Without subclassing dict, what would a class need to be considered a mapping so that it can be passed to a method with **.

from abc import ABCMeta

class uobj:
    __metaclass__ = ABCMeta

uobj.register(dict)

def f(**k): return k

o = uobj()
f(**o)

# outputs: f() argument after ** must be a mapping, not uobj

At least to the point where it throws errors of missing functionality of mapping, so I can begin implementing.
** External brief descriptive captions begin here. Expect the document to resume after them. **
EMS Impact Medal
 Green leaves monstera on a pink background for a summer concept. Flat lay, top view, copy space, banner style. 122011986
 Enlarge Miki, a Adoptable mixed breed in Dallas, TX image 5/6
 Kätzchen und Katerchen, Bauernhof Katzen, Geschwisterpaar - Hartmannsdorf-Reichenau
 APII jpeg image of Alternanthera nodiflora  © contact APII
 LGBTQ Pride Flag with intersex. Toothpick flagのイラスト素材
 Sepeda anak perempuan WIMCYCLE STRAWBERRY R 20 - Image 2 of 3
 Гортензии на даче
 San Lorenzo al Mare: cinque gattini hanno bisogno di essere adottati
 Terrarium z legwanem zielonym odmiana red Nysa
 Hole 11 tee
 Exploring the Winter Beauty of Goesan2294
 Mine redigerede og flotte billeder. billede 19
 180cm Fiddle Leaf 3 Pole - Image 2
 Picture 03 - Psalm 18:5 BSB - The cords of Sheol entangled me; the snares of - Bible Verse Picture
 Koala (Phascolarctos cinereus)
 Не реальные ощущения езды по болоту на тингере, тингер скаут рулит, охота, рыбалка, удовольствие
I reviewed emulating container types but simply defining magic methods has no effect, and using ABCMeta to override and register it as a dict validates assertions as subclass, but fails isinstance(o, dict). Ideally, I dont even want to use ABCMeta.

¿Fue útil?

Solución

The __getitem__() and keys() methods will suffice:

>>> class D:
        def keys(self):
            return ['a', 'b']
        def __getitem__(self, key):
            return key.upper()


>>> def f(**kwds):
        print kwds


>>> f(**D())
{'a': 'A', 'b': 'B'}

Otros consejos

If you're trying to create a Mapping — not just satisfy the requirements for passing to a function — then you really should inherit from collections.abc.Mapping. As described in the documentation, you need to implement just:

__getitem__
__len__
__iter__

The Mixin will implement everything else for you: __contains__, keys, items, values, get, __eq__, and __ne__.